People co-evolved with the buffalo over millennia in a sacred agreement to take care of one another. The four-legged buffalo would give their bodies to feed and nourish their two-legged kin. In return, the people would respect the buffalo with an honorable harvest, taking only what they needed for sustenance.

When the colonial settlers occupied the land, they targeted the buffalo, driving them nearly to extinction in the genocide waged against their human kin. In Gudgell's words, a four-legged genocide ran parallel to the two-legged genocide. "The intent was to eradicate both, and both are still here," he said. "By restoring the buffalo, we the plains tribes, the Lakota peoples, will be restored."

The conversation between Gudgell, who is vice-president of the Buffalo Field Campaign in Yellowstone, and Mbah, who spoke from her own indigenous African roots in Cameroon, highlighted a kinship understanding of life. "We are in the natural world, and the natural world is in us. It's a oneness," said Mbah.

The buffalo gives its body and becomes part of human bodies. In a creation story held in common by many indigenous American tribes, said Gudgell, all living beings were born from a great romance between Father Sky and Mother Earth. Some of their children had two legs and four legs; others had roots, wings and fins.

Listening to the conversation, I was reminded of how my own work in South Africa with narratives of indigenous edible plants, has helped me begin to unlearn an extractive relationship with food. I resonate deeply with the principle of an honorable harvest, even if I don't often find the wherewithal to follow this in daily practice.

Photo by Megan Lindow

The Japanese farmer philosopher Masanobu Fukuoka writes in his book One Straw Revolution that the highest purpose of the human being is to exist simply with nature, working to her rhythms and receiving her gifts of nourishment with reverence, restraint and delight.

I've learned that sourcing food in the landscape creates an abundance state of mind, a wellspring of gratitude and connection. Selecting leaves of the spekboom, sea pumpkin, sunrose, pelargoniums and all the other crunchy and sour, or bitter tasting and aromatic plants I have been getting to know, I feel myself connecting with the plant, asking permission, trying to sense which particular leaves offer themselves to me. Thinking of the season and the plant's growth cycle. Thinking of all the other beings who may also eat from this plant or that patch.

Eating tart, juicy, crunchy leaves, gathered mindfully and respectfully with my own hands from the landscape, I am filled with a sense of joy, gratitude, wonder and abundance. I have the feeling of the life force of the plants absorbing into my body and nourishing me.

Like Gudgell's work, the work of the Local Wild Food Hub, who partner on projects with the Sustainability Institute near Stellenbosch, South Africa that I'm involved with, aims to support the healing and restoration of people and land. Like the tribes and the buffalo of North America, the people and plants of this stunningly diverse Cape Floristic Region of South Africa have been dispossessed over centuries of violent colonization.
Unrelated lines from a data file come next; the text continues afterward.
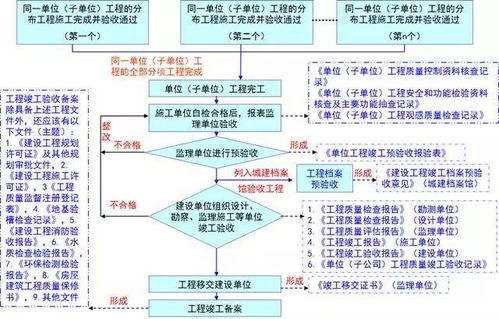 聊城公积金取现流程及手续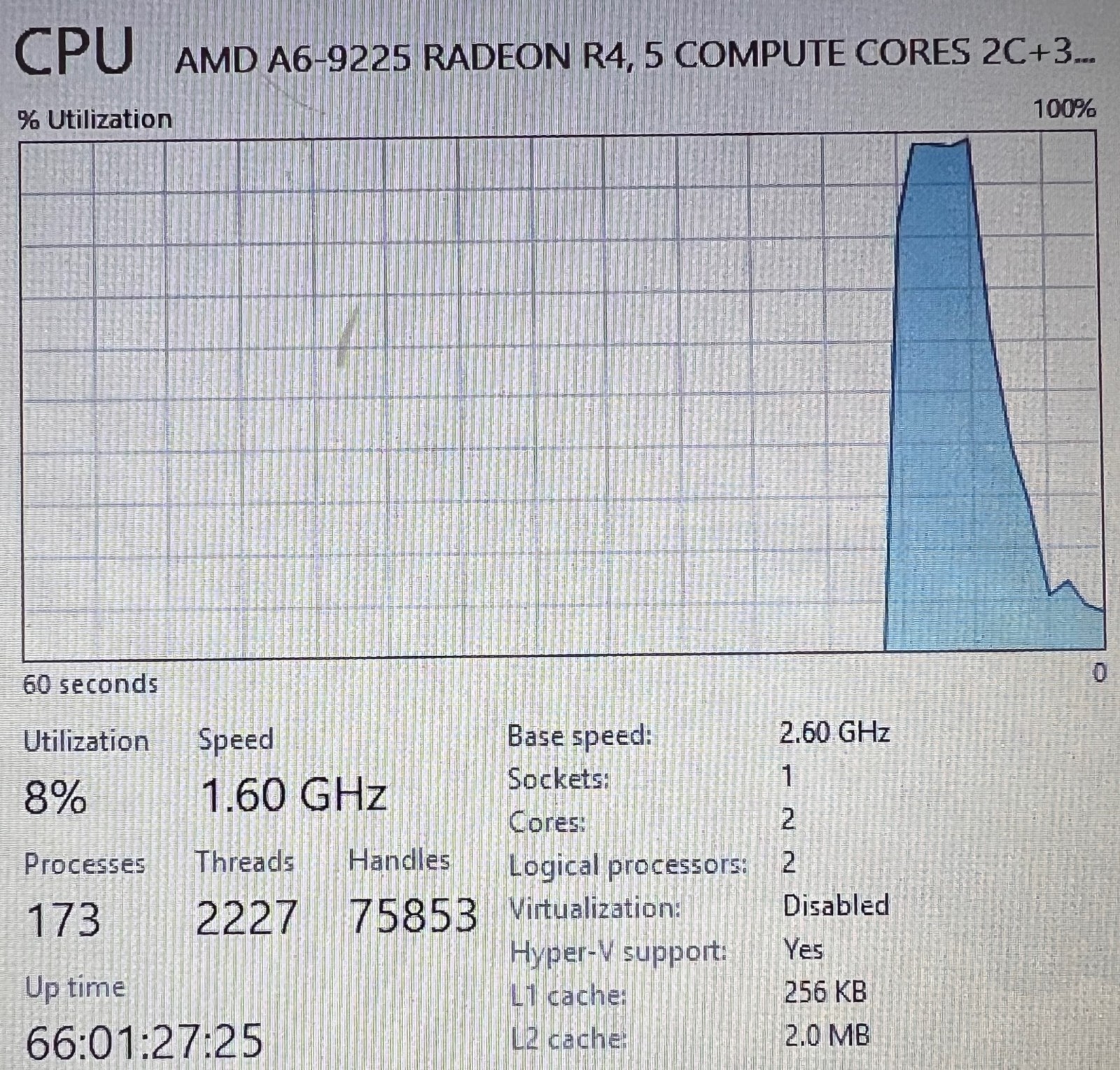 HP 14-cm0004la 14″ Laptop AMD A6-9225 8GB RAM 240gb ssd AS IS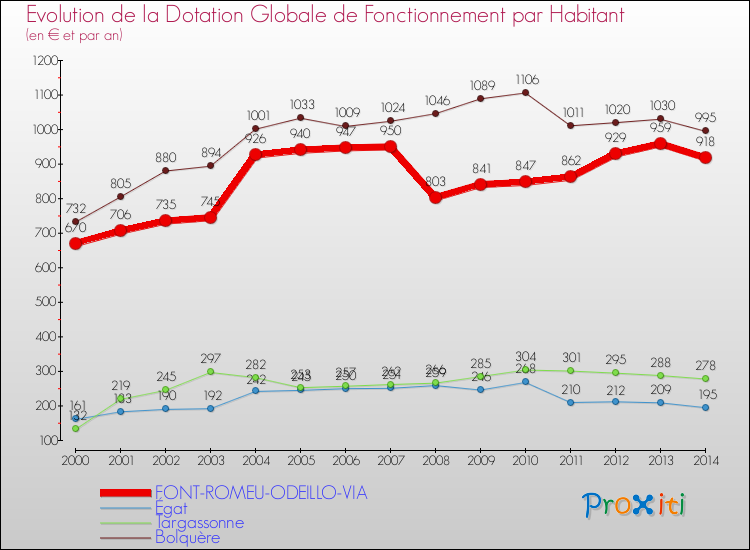 Evolution et montant de la dotation globale de fonctionnement par Habitant pour FONT-ROMEU-ODEILLO-VIA et les communes proches de 2000 à 2014. Comparaison des dotations globales de fonctionnement par habitant pour FONT-ROMEU-ODEILLO-VIA et les communes voisines de 2000 à 2014.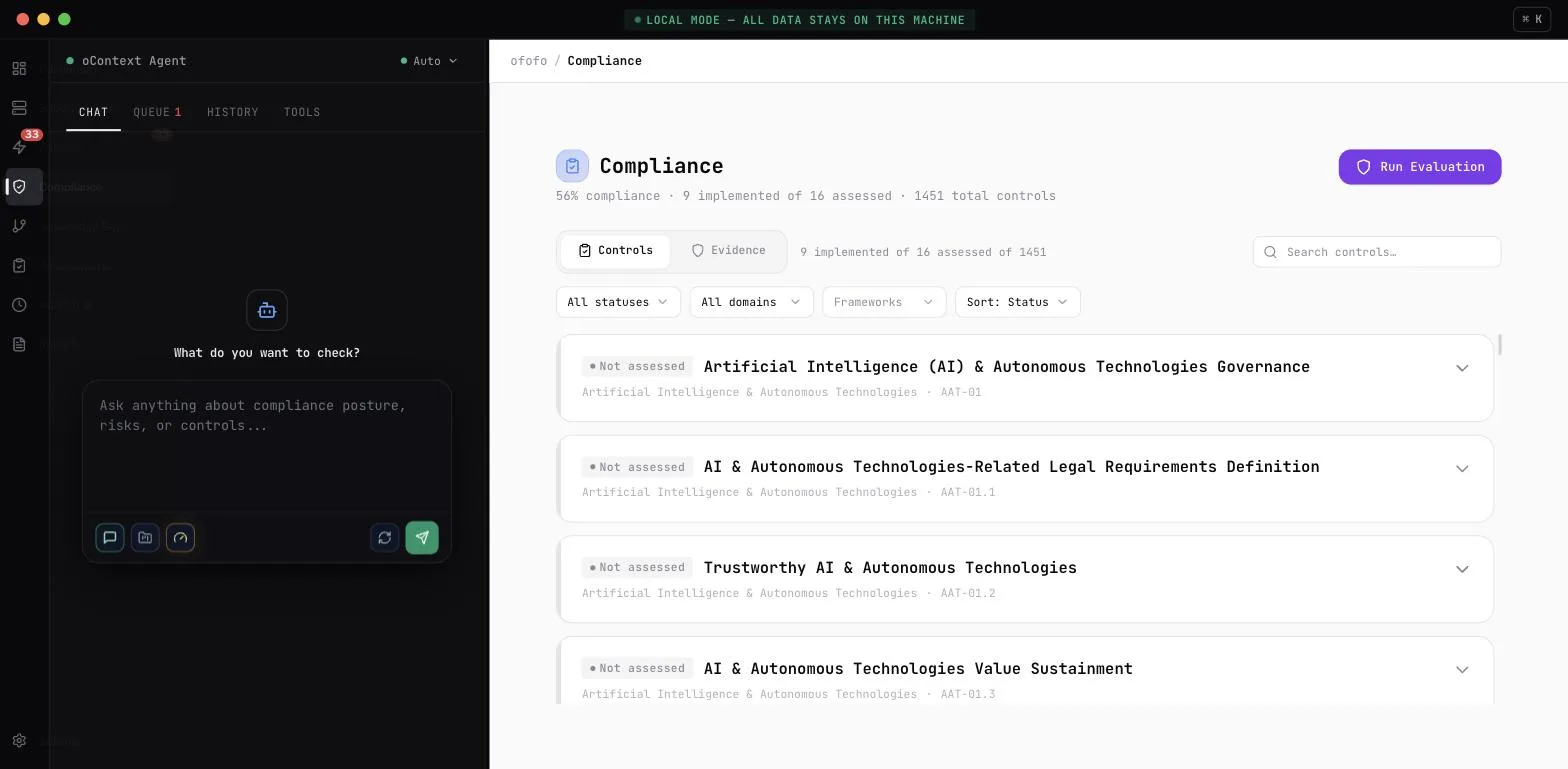 The controls browser: over 1,400 controls filtered by status, domain and framework.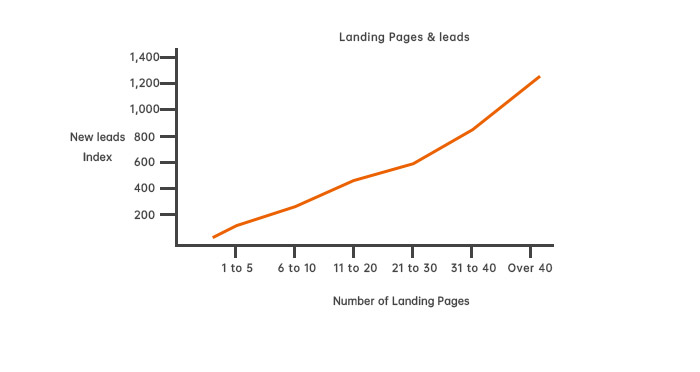 landing-page-design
People were enslaved and natural food landscapes subsumed by privately owned farms of grapes, wheat and other imported monocultures.

In a modern world driven by extractive and transactional values, our relationships to food and life must be healed and restored.

The work of Dr. Lyla June Johnston, another speaker at the Summit, documents how indigenous peoples of Turtle Island once served as "Architects of Abundance," managing landscapes holistically to enhance entire ecosystems. Cultivating coastal clam gardens in the Pacific Northwest, managing grasslands with gentle fire regimes to create habitat for the buffalo, tending immense chestnut food forests on the East Coast of what is now the USA, humans have served as keystone species in landscapes and coastal areas over thousands of years.

Gudgell said: "Our hearts hurt when we see biodiversity going away, and we know there are better ways to manage the world. That destruction of the natural world affects us deeply. It adds to our trauma because we’ve lived so close to the Earth for so many generations."

If indigenous people are allowed to bring back the holistic ways of managing buffalo herds on public lands according to their traditional lifeways, he said, ecostystems will be restored and people will thrive too.